Monthly Archives: December 2010

December 3, 2010

CGI

A problem with CGI (I’m tempted to say the problem, because it’s a problem I think a lot of people have been tacitly aware of for a long time – but there are always more problems…) is that it uses technology to relieve artists of responsibilities that are, in fact, essential to art. Traditional animation has generally been pretty reductive and simplistic about representing three-dimensional space not because it was impossible to represent it dynamically and more accurately, but because it wasn’t deemed important. That assessment was an artistic judgment – the degree to which (and way in which) three dimensions are represented in art is, and has always been, an artistic decision.

The underlying rendering processes used in CGI are, effectively, artistic choices.

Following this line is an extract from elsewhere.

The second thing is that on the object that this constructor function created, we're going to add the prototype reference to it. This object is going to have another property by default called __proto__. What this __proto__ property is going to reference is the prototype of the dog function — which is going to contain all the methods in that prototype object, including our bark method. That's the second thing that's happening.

And yet, though artists may well be choosing levels of lighting and blur and atmosphere and reflectivity and so forth and so forth, the fundamental programming behind the 3D data structures and the processes used to render them have been devised not by those artists, but by technicians, programmers – essentially scientific minds occupied with geometries and algorithms, the rational quantification of optics. Some poetry and inspiration is certainly involved in that process, and has been injected into it, and we do feel it in CGI, where the sense of space itself is often grippingly intense. But the conception of space in CGI is and has always been limited to the conception of space in the minds of the self-selected few who write the software. Their assumptions are then taken on by the animators and special-effectsers and game-designers etc. etc. as though they are facts of reality, when in fact they are merely artistic choices that, having been stated as axioms, drastically limit the range of expression.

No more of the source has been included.